History: 1941 Comp., § 25-1312, enacted by Laws 1947, ch. 150, § 1; 1953 Comp., § 22-14-12.

ANNOTATIONS

Purpose of section. — This section was enacted for the limited purpose of aiding a mortgagee who discovers that the state has acquired an interest in the mortgaged property and is unable to pass a marketable title to the purchaser at a foreclosure sale unless the state can be joined in the foreclosure suit. Maes v. Old Lincoln Cnty. Mem. Comm'n, 1958-NMSC-115, 64 N.M. 475, 330 P.2d 556.

No omnibus legislative consent to sue state. — The supreme court finds no omnibus legislative consent to bring suit against the state to quiet title. Maes v. Old Lincoln Cnty. Mem. Comm'n, 1958-NMSC-115, 64 N.M. 475, 330 P.2d 556.

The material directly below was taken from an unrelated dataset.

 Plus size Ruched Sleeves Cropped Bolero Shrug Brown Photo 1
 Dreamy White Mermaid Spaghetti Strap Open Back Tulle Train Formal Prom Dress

Waiver of immunity does not authorize quiet title suits under the circumstances of this case. — Where, in two separate quiet title lawsuits, plaintiffs named the county of Valencia and the board of county commissioners of Catron county as parties who claimed or may claim an interest in the subject properties, and where the counties responded by filing motions to dismiss on the ground that 42-11-1 NMSA 1978 provided them with immunity and barred the lawsuits, the New Mexico court of appeals held that 42-11-1 NMSA 1978 controls and acts as a bar to quiet title suits against the state and its political subdivisions unless specifically authorized by law, and that this section's limited purpose of aiding a mortgagee where the state has acquired an interest in the mortgaged property and the mortgagee is unable to pass marketable title to the purchaser at a foreclosure sale unless the state can be joined in the foreclosure suit does not provide a statutory exception to the counties' immunity. Belen Consol. Sch. Dist. v. Valencia Cty. and Nash v. Bd. of Cty. Comm'rs, 2019-NMCA-044, cert. granted.

Section does not statutorily create sovereign immunity in quiet title actions against the state, as there are presently in New Mexico no conditions or circumstances that could rationally support the doctrine of sovereign immunity. Brosseau v. N.M. State Hwy. Dep't, 1978-NMSC-098, 92 N.M. 328, 587 P.2d 1339 (decided before enactment of Section 42-11-1 NMSA 1978).

State armory board, as agency of state, is immune from suit to quiet title to property city had leased to board before city filed certificate of abandonment of property for purpose for which it had been condemned. Nevares v. State Armory Bd., 1969-NMSC-144, 81 N.M. 268, 466 P.2d 114.